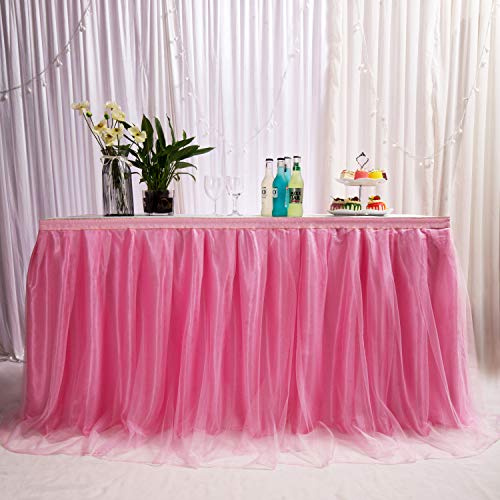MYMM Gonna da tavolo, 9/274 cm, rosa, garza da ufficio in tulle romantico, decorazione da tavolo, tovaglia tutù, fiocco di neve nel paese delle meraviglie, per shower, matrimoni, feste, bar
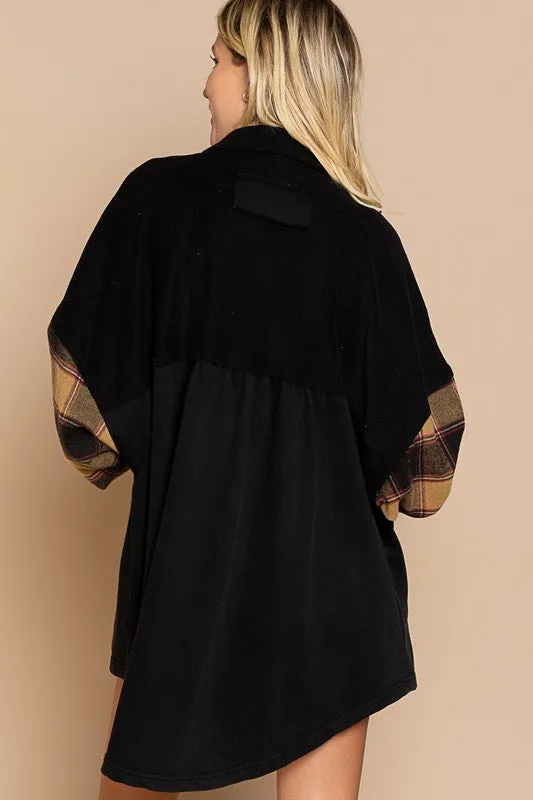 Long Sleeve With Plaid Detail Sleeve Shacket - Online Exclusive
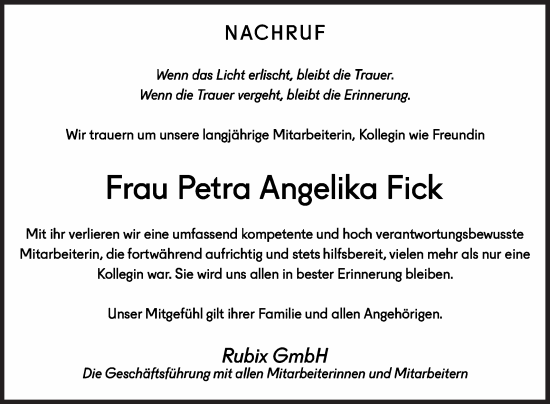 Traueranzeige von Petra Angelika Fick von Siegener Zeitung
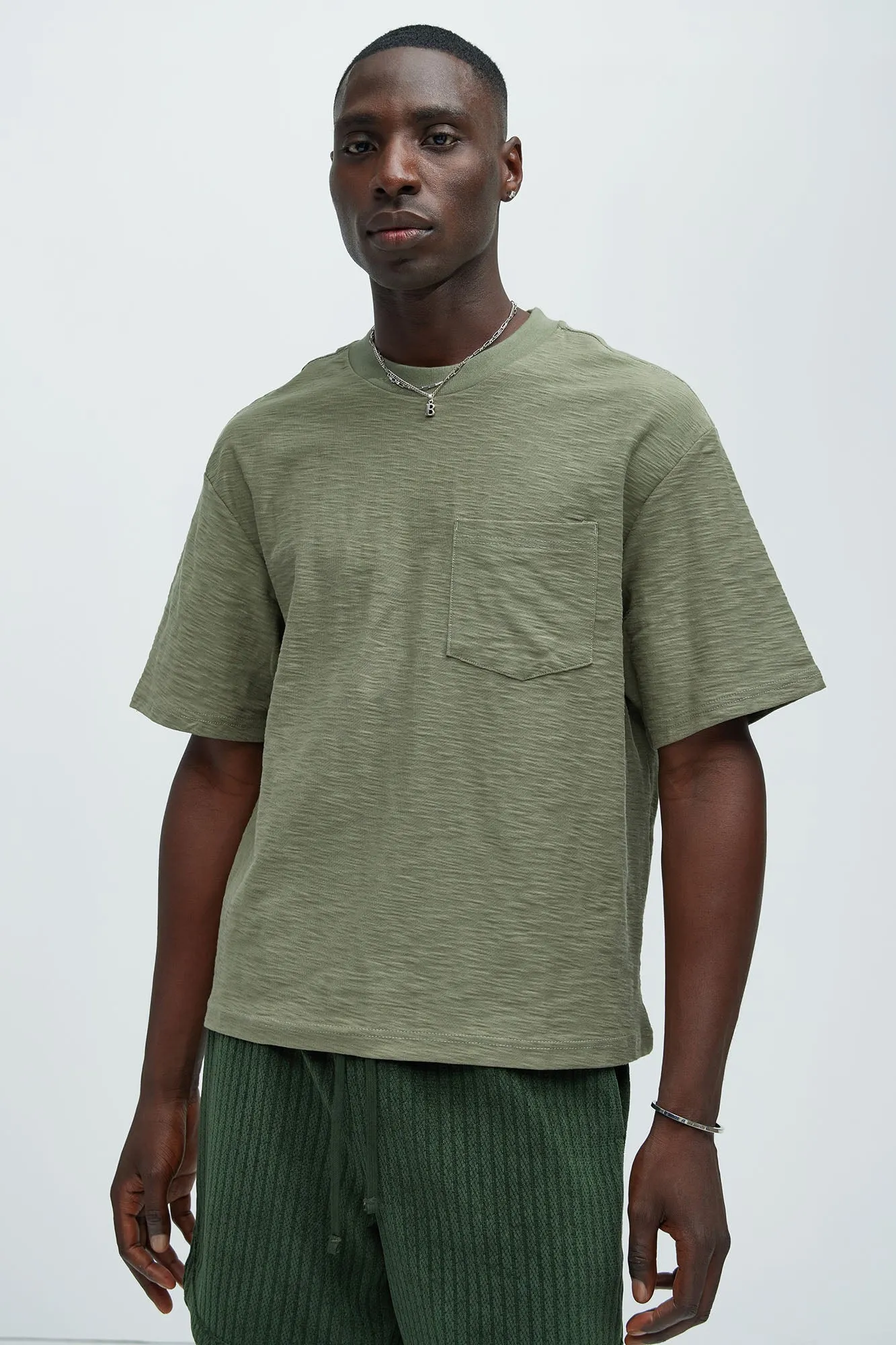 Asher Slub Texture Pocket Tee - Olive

* Task goal *
Would you copy each line above exactly as given, dropping any images?

* Answer for the task *
MYMM Gonna da tavolo, 9/274 cm, rosa, garza da ufficio in tulle romantico, decorazione da tavolo, tovaglia tutù, fiocco di neve nel paese delle meraviglie, per shower, matrimoni, feste, bar
 Long Sleeve With Plaid Detail Sleeve Shacket - Online Exclusive
 Traueranzeige von Petra Angelika Fick von Siegener Zeitung
 Asher Slub Texture Pocket Tee - Olive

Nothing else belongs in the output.